Below is a listing to transcribe in full and exactly; keep the pictures out.

Provided information:
============================================================
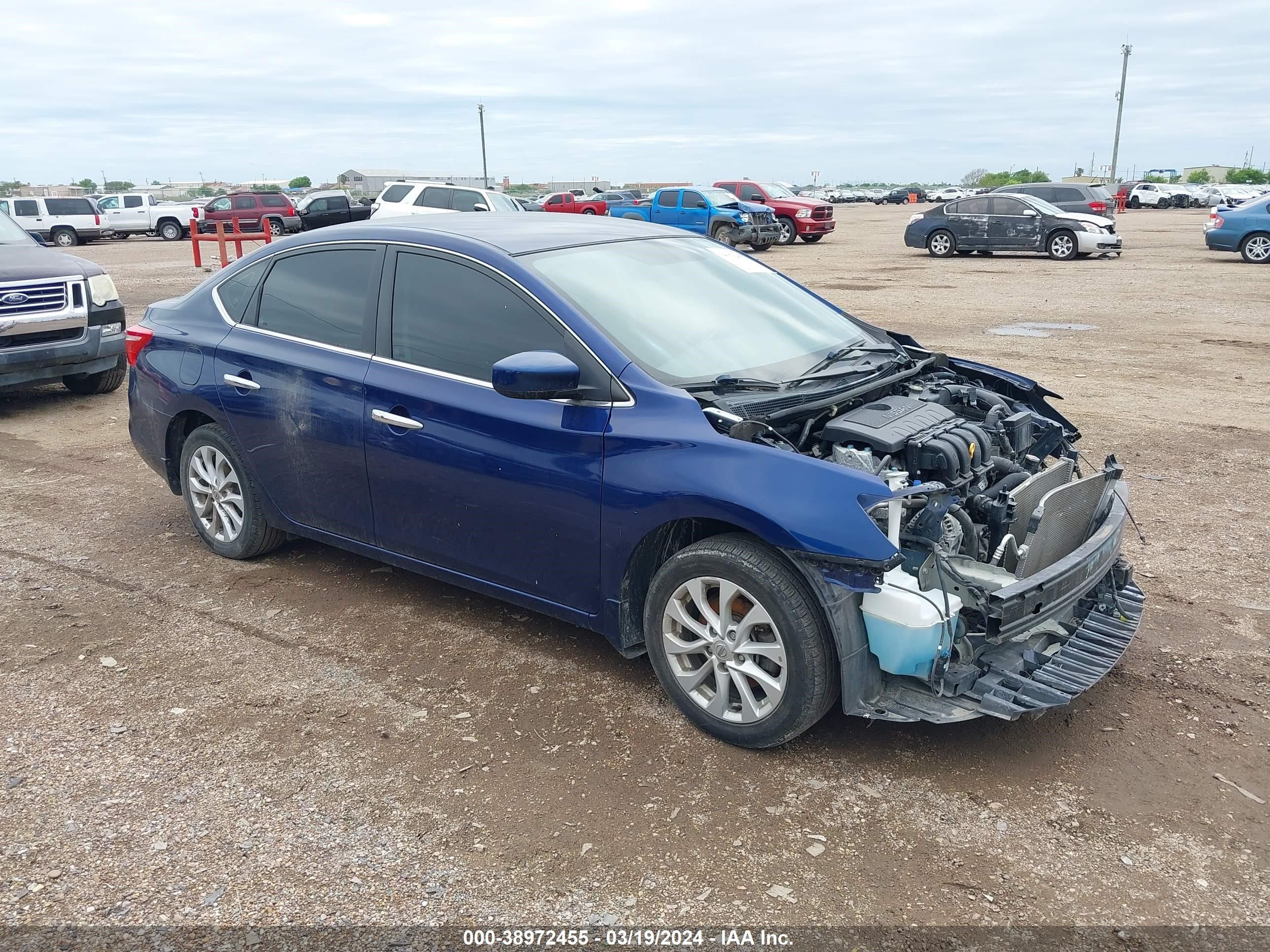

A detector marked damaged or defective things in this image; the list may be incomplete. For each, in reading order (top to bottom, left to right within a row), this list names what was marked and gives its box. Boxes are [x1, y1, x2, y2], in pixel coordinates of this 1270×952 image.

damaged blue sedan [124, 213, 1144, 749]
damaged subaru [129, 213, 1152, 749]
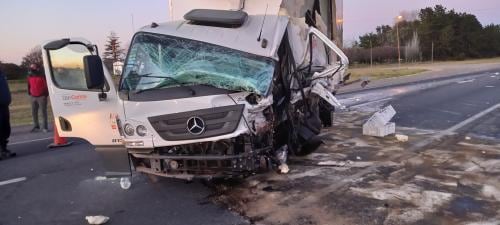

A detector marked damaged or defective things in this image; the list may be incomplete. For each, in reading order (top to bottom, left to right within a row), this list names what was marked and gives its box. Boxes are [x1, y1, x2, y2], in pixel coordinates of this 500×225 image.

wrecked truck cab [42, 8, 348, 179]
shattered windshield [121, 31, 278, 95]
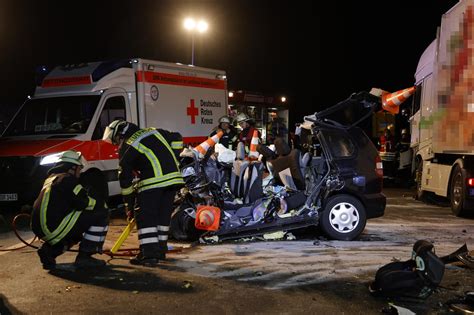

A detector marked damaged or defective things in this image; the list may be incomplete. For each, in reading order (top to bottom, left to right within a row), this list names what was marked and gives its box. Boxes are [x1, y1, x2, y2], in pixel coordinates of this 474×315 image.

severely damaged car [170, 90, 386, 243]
============================================================
Solution:
A detector marked damaged or defective things in this image; the list may be incomplete. For each, in reading order (top to bottom, left to right within a row), this list names what was marked and gives its box. Boxes are [x1, y1, x2, y2], in pixel coordinates of this 1270×952 image.

damaged blue sedan [124, 213, 1144, 749]
damaged subaru [129, 213, 1152, 749]

A detector marked damaged or defective things in this image; the list may be incomplete. For each, in reading order (top to bottom, left to right within a row), this list names what was marked and gives its box. Boxes are [x1, y1, x2, y2], in pixel coordinates of this 500×225 image.

wrecked truck cab [42, 8, 348, 179]
shattered windshield [121, 31, 278, 95]

A detector marked damaged or defective things in this image; the list may be incomplete. For each, in reading order (top to bottom, left to right within a row), this list names what was marked and gives its box. Boxes are [x1, y1, x2, y2], in pixel coordinates of this 474×315 image.

severely damaged car [170, 90, 386, 243]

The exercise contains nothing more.